Web page caption snippets:
════════════════

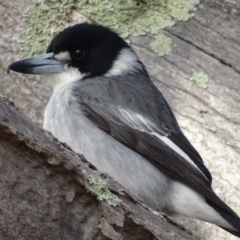 Cracticus torquatus at Red Hill, ACT - 3 Jun 2018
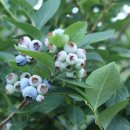 강신농장 이미지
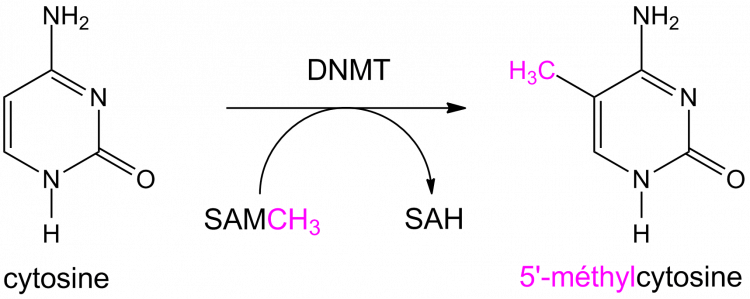 Schéma de la réaction de méthylation des cytosines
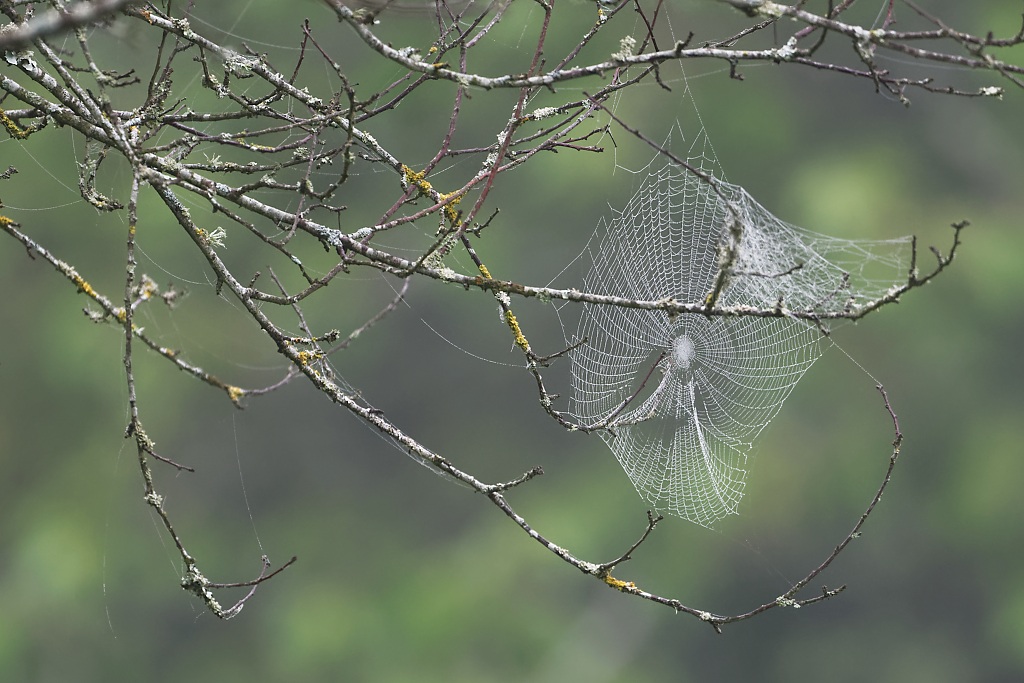 DSC_3504_DxO.jpg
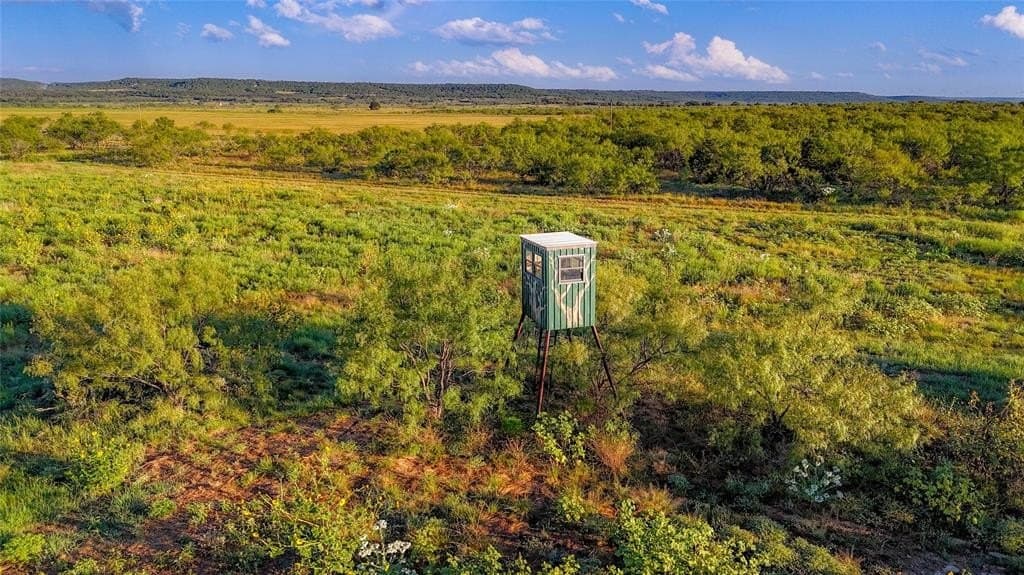 51.17 acres in Palo Pinto County gallery image 3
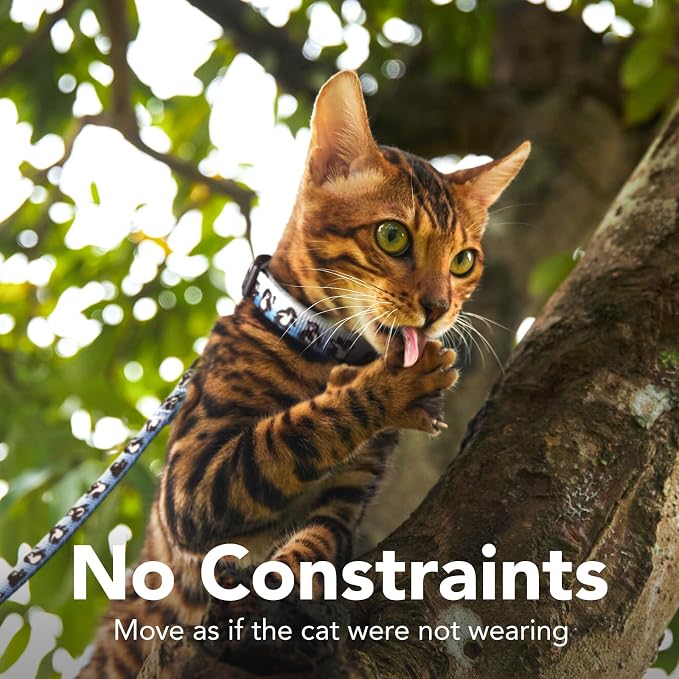 Cat Harness and Leash Set - Image 5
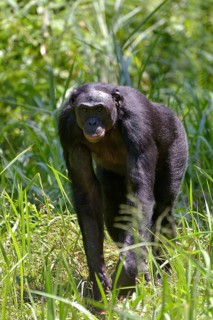 Bonobo (Pan paniscus), Lola ya Bonobo Sanctuary, Kimwenza, Mont Ngafula, Kinshasa, Democratic
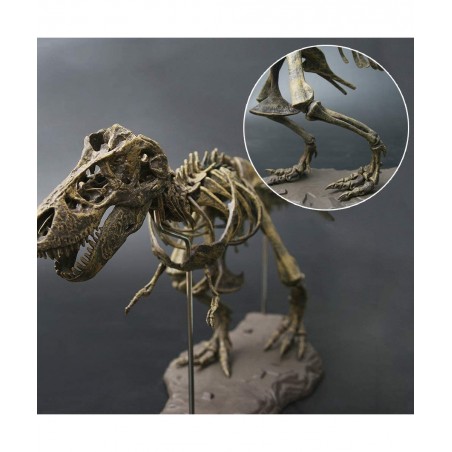 3D T-Rex Dinosaur Skeleton Model Puzzles Simulation Educational Toy Pre-School Teaching Soft Non-Toxic PVC Material Gifts $50...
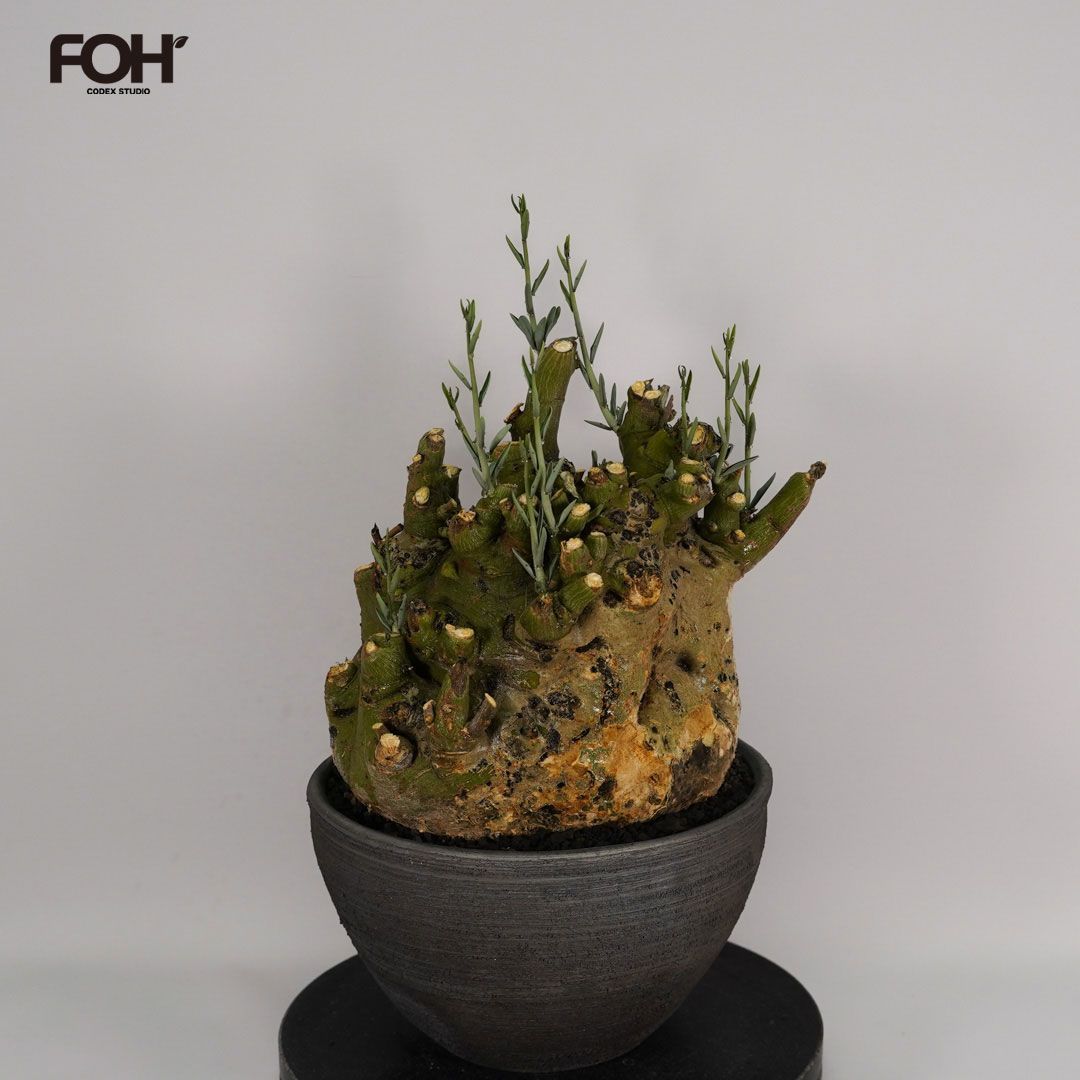 F41 アデニア ペチュエリー Adenia pechuelii ナミビア産 発根済み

════════════════

TO DO: Take the line containing "Bonobo (Pan paniscus), Lola" as the first and the last line of the records as the end. Print every line in that span exactly, leaving out pictures.

RESPONSE:
 Bonobo (Pan paniscus), Lola ya Bonobo Sanctuary, Kimwenza, Mont Ngafula, Kinshasa, Democratic
 3D T-Rex Dinosaur Skeleton Model Puzzles Simulation Educational Toy Pre-School Teaching Soft Non-Toxic PVC Material Gifts $50...
 F41 アデニア ペチュエリー Adenia pechuelii ナミビア産 発根済み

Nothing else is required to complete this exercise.